Действительно из-за двери доносился строгий и резкий голос. Я без стука распахнула дверь и вошла в комнату.
— Как вы посмели прервать занятие? — повышая голос разворачивалась высокая и отвратительно худая, я бы сказала истощённая женщина с высоким пучком тёмных с проседью волос на макушке. — Ох, леди-директриса, прошу прощения! Я думала это кто-то из слуг. Они надо отдать должное весьма назойливы. Или вернулась паршивка Микаэль. Она сбежала с занятий.
— Что. Здесь. Происходит? — медленно роняла я слова.
Наставница проследила за моим взглядом, прикованным к омерзительной картине. В центре комнаты, на табурете стояла одна из девочек. На вид лет тринадцати. Она была обнажена, а на ногах и ягодицах наливались красным полосы, словно от тонких веток. Долго гадать мне не пришлось. Орудие наказания лежало на столе. Длинная ивовая ветвь.
— Озарка Абигейл наказана, леди-директор! — совершенно не понимая моей реакции ответила наставница. — Она смела перебивать меня, проявлять неуважение, смеяться и что-то спрашивать у соседки. Более того, она не поприветствовала меня должным образом. Не поднялась, хотя я уже вошла в комнату…
— Довольно! — подняла я вверх руку, словно выставляя перед собой стену. — Что за наказание такое, выставлять девочку в центре комнаты обнажённой? Для чего? С какой целью? Обнажённый человек чувствует себя максимально беззащитным и униженным. Начинает стыдиться себя и своего тела. А теперь вопрос. Кто ты такая и кто тебе позволил оскорблять, унижать и подвергать телесным наказаниям воспитанниц? Паршивка? Четырёхлетний ребёнок? Розги за смех?

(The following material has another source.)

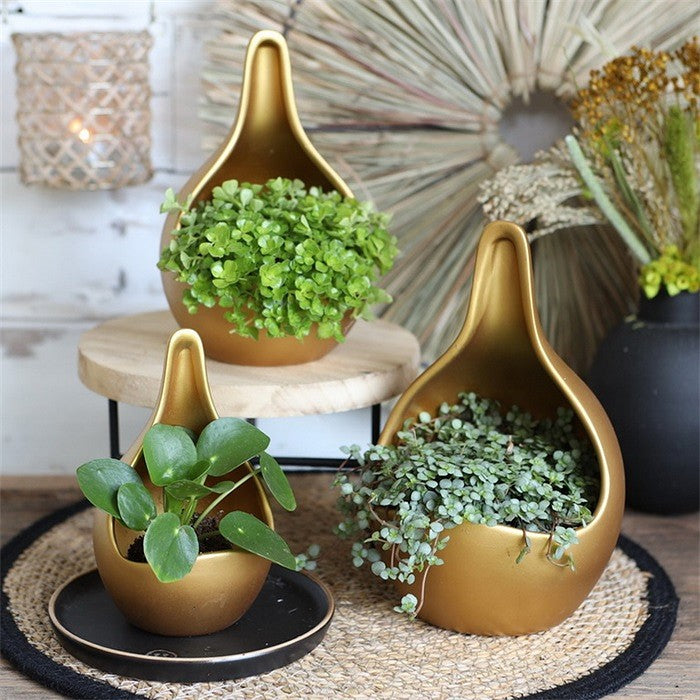 Pflanzschale TROPFEN gold Keramik 3 Größen Ø9cm+12cm+14cm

Меня по настоящему затрясло от мысли, что и маленькую Элю вот так же…
— Леди, я наставляю этих… — резко подошедшая ко мне наставница, брезгливо скривилась, выдавая своё отношение к девочкам.
Звук резкой пощёчины прервал мерзкую старуху.
— Не сметь, — произнесла я в звенящей тишине. — Ни приближаться ко мне, ни открывать рот в моём присутствии, ни тем более позволять себе подобный тон! Вы злобная и дурная старуха, непонятно почему позволяющая себе вымещать всю свою неудовлетворённость судьбой на девочках. Абигейл, оденься пожалуйста.